Understanding interlace

Many years ago, a team of engineers in England worked on what was then called high-definition television. It had 405 horizontal scan lines and was monochrome only. It offered high definition compared to the television technology that had gone before, and had the potential to serve as a television standard for several decades. But the design presented problems.

To achieve the intended resolution, it required hundreds of horizontal scan lines, each of which required quite a few cycles of detail. And to prevent flicker, the pictures had to be updated 50 times every second. Figure 1 illustrates the problem. Of the 405 total horizontal scan lines, about 380 would be visible on the screen. Since each cycle of vertical modulation can create two scan lines, the design would need 190 cycles of vertical modulation.

Allowing for aperture effect, we can reduce that number to about 150 cycles. Creating a raster with a 4:3 aspect ratio raises the required number of cycles of modulation in each active line to 200. Accounting for the entire line period (not just the visible part) puts the number at about 250.

Creating a raster of 405 lines at 50Hz would require a line rate of 20.2kHz. If each line had 250 cycles of vertical modulation, the system bandwidth would be 250 x 20.2kHz, which is just over 5MHz. Allowing for an audio carrier and a vestigial lower sideband would increase the required bandwidth to about 6MHz.
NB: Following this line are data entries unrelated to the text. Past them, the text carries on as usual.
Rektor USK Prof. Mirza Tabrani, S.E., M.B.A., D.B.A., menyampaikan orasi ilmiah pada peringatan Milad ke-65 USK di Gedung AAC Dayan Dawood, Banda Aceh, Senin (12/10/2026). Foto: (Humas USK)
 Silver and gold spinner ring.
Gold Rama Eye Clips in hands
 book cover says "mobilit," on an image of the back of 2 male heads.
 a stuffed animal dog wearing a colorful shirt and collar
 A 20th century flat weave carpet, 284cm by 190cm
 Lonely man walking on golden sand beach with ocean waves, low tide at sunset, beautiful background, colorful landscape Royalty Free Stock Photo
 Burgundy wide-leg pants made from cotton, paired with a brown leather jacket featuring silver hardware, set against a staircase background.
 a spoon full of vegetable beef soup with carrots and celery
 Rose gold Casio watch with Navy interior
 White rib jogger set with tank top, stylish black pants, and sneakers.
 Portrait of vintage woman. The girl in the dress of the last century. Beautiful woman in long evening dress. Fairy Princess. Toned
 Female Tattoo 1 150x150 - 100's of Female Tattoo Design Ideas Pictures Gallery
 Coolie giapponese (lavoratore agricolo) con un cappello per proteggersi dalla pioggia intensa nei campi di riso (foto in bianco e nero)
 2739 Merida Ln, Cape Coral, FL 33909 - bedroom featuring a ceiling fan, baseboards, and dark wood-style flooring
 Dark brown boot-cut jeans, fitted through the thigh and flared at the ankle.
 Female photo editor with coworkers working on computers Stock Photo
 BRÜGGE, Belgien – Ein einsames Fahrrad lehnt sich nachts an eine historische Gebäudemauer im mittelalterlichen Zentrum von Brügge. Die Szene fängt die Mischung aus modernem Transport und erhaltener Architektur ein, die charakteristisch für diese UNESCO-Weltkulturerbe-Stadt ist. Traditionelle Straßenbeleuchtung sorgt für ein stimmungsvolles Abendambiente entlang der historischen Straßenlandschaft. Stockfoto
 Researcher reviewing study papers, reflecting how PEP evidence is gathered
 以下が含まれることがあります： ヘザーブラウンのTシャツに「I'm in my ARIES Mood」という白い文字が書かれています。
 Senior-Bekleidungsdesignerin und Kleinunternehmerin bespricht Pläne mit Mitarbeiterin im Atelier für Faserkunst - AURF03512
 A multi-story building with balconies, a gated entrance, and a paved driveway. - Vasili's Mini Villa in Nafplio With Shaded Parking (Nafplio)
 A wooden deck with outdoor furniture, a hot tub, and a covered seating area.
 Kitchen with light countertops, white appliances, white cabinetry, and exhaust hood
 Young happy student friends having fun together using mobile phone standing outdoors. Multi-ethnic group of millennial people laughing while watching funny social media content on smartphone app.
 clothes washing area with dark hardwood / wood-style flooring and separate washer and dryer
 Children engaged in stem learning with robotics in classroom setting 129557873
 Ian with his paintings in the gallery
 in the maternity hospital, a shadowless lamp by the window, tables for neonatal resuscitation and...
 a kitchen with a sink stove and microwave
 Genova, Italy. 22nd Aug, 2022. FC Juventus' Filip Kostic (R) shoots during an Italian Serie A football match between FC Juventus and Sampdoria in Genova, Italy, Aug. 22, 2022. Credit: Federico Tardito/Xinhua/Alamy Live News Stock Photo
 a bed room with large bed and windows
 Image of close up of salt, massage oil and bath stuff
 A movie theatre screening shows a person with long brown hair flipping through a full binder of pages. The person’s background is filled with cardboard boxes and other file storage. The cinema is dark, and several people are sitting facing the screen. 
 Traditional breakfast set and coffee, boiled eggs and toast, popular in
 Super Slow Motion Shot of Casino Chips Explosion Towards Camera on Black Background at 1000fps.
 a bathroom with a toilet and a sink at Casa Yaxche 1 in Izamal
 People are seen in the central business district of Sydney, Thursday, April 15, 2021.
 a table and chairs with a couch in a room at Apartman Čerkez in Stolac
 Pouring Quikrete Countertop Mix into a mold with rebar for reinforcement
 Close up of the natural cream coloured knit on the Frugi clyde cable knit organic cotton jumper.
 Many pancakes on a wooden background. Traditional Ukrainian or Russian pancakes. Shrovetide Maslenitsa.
This was simply too much bandwidth for the VHF technology of the day and would have significantly raised the cost of transmitters and receivers.

interlace — (Image credit: John Watkinson)

Weaving a Solution
The solution to the bandwidth problem was an American invention called interlacing. This scheme does not transmit the scan lines of the frame in their natural order. Instead, each frame is divided into two periods called fields. The first field carries the first line, the third line, the fifth, and so on. The second field carries the second line, the fourth line, the sixth — all the lines omitted in the first field. This “division of labor” can be achieved by modifying the scanning process of the tubes in the camera and the CRT display. There must be an odd number of lines in each frame so that one field ends with a half line and the next begins with a half line.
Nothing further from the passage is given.